- [Required work]: Entries below include pictures. Output exactly the lines from the one with "Ab 14.11.2025 WG-Zimmer" down to the one with "Pantalla LED Profesional", both ends included, and leave the pictures out.

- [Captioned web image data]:
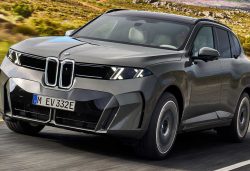 BMW X5 2027: motores, equipamiento y precios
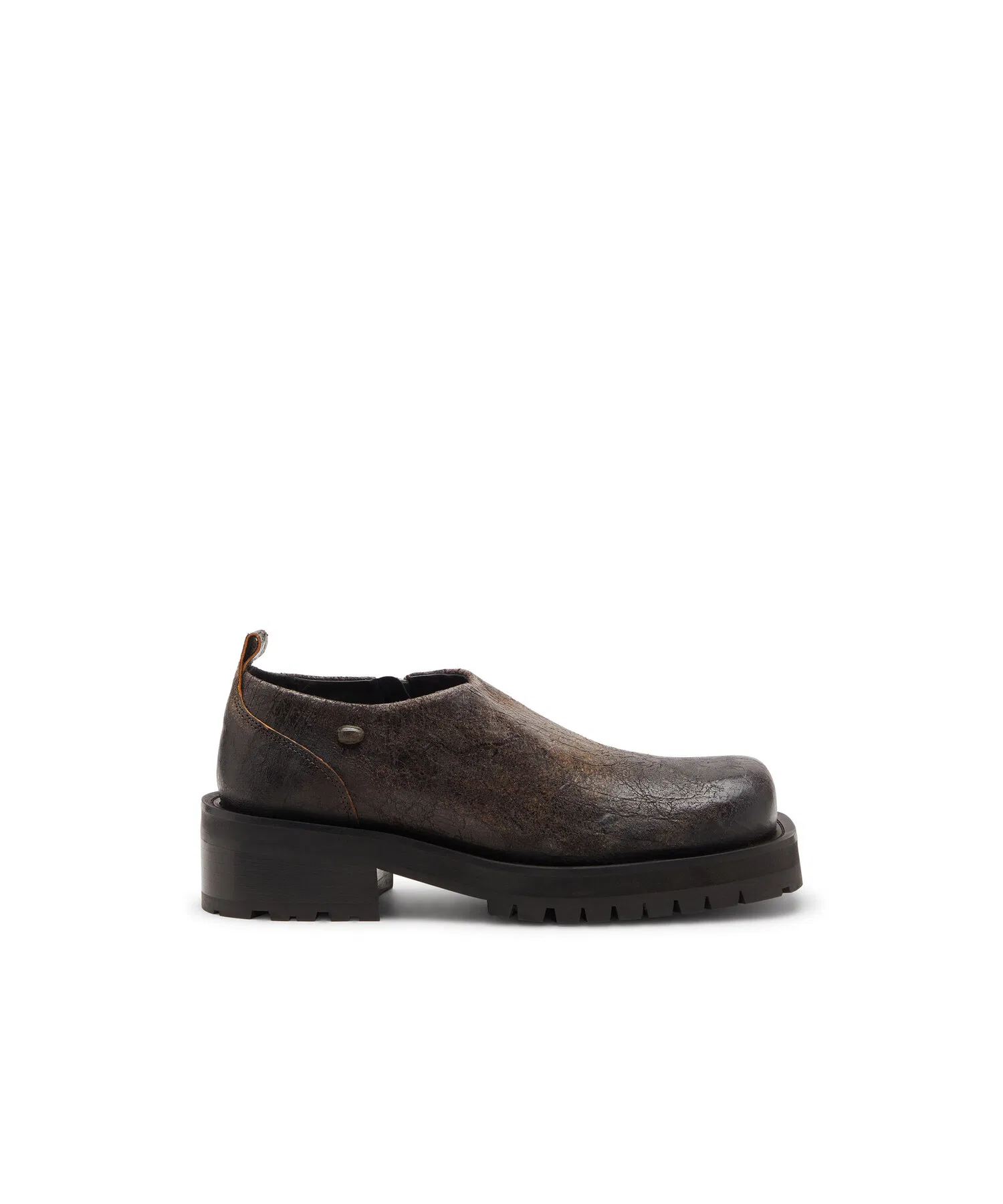 Мужские клоги DIESEL TEXAN D-TEXAN CLOG
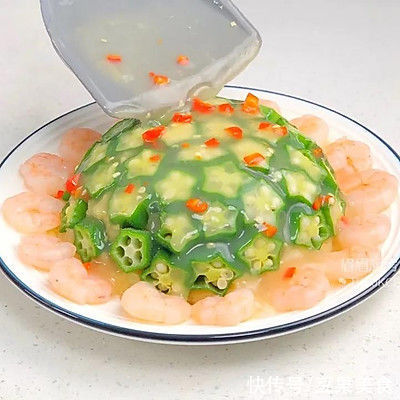 大希|花团锦簇你这么做，好吃到停不下来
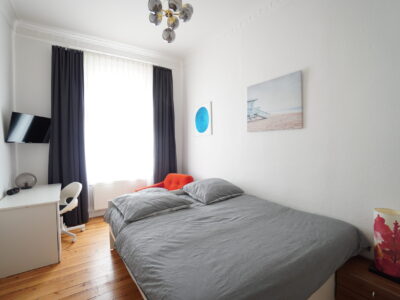 Ab 14.11.2025 WG-Zimmer (Hochparterre) in Friedenau – Zimmer 3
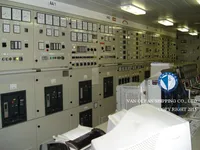 Δεξαμενόπλοιο πετρελαίου/χημικών προϊόντων προς πώληση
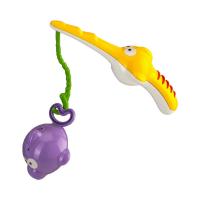 Игровой набор для купания *Рыбалка* - 004850B
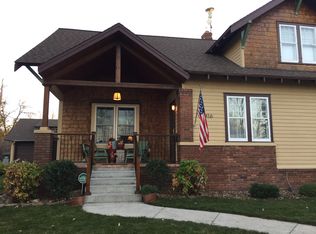 416 9th Ave W, Alexandria, MN 56308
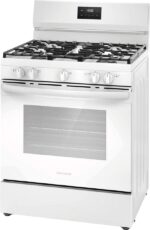 Frigidaire FCRG3052BW 30″ Gas Range - Image 2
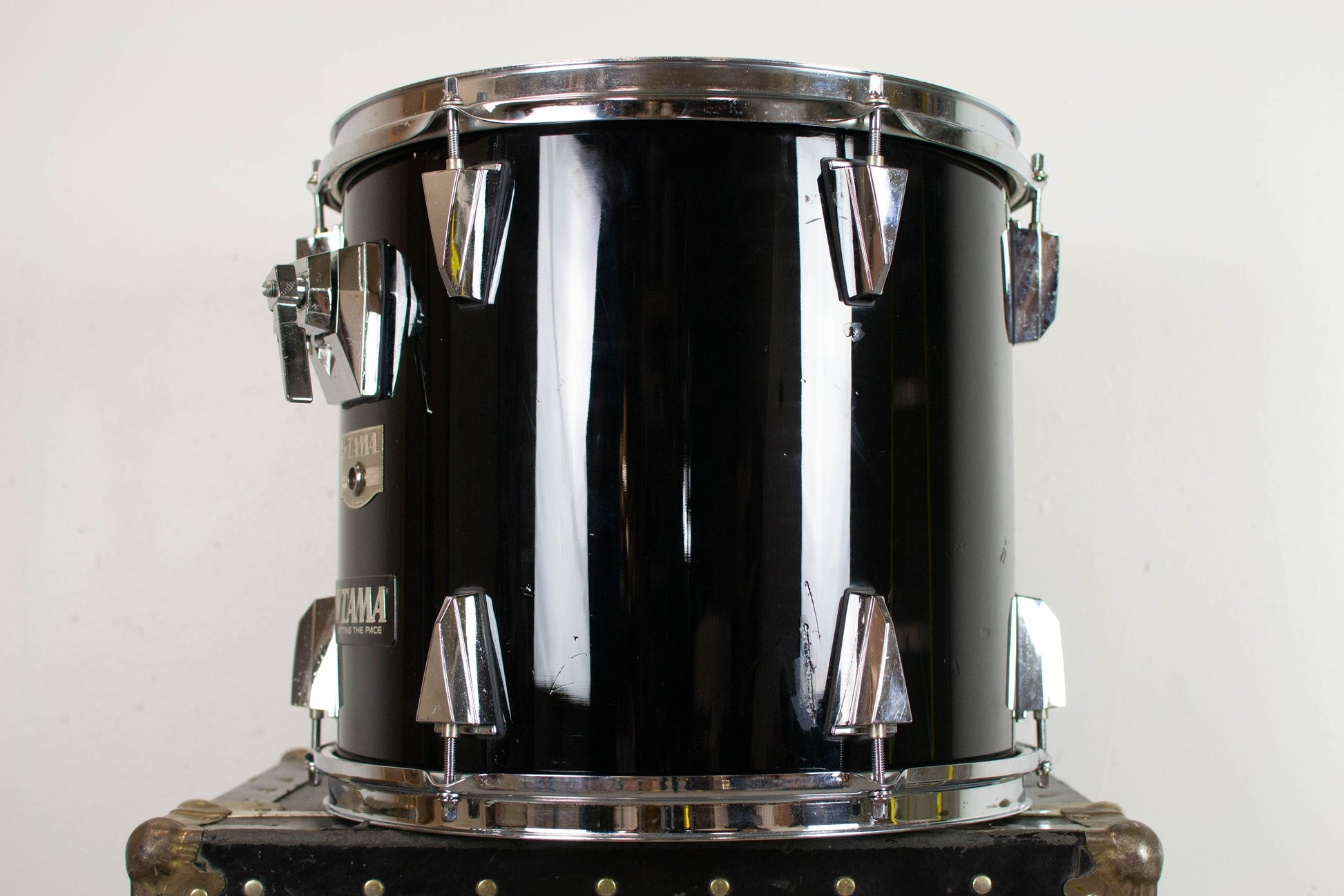 1980s Tama Granstar Custom 12x13" Tom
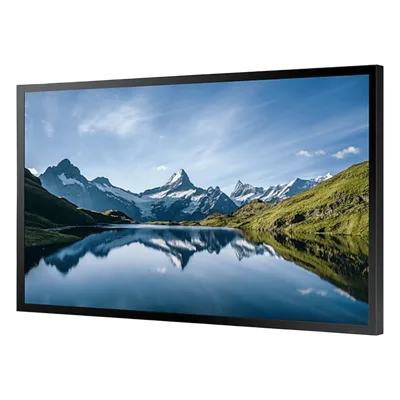 Pantalla LED Profesional para Exterior / 46" / Full HD 1080p / 3500 cd/m² / IP56 / IK10 / VESA 995x500mm / 3.51 x 2.05 pies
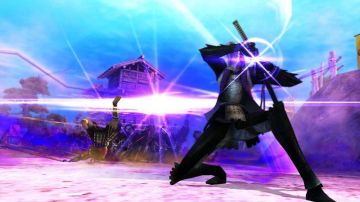 Immagine -11 del gioco Devil Kings 3 per Nintendo Wii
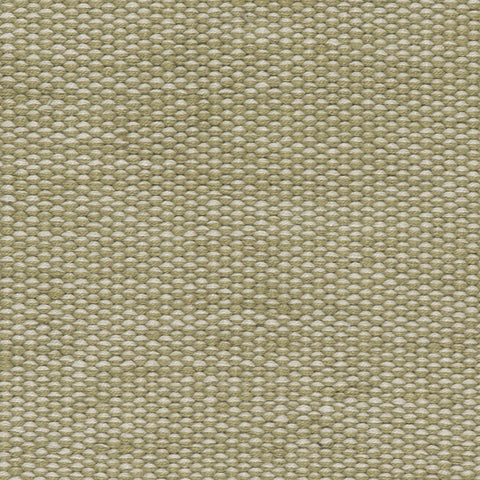 Pebble Handwoven Performance Rug Swatch | Green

- [Answer to this problem]:
 Ab 14.11.2025 WG-Zimmer (Hochparterre) in Friedenau – Zimmer 3
 Δεξαμενόπλοιο πετρελαίου/χημικών προϊόντων προς πώληση
 Игровой набор для купания *Рыбалка* - 004850B
 416 9th Ave W, Alexandria, MN 56308
 Frigidaire FCRG3052BW 30″ Gas Range - Image 2
 1980s Tama Granstar Custom 12x13" Tom
 Pantalla LED Profesional para Exterior / 46" / Full HD 1080p / 3500 cd/m² / IP56 / IK10 / VESA 995x500mm / 3.51 x 2.05 pies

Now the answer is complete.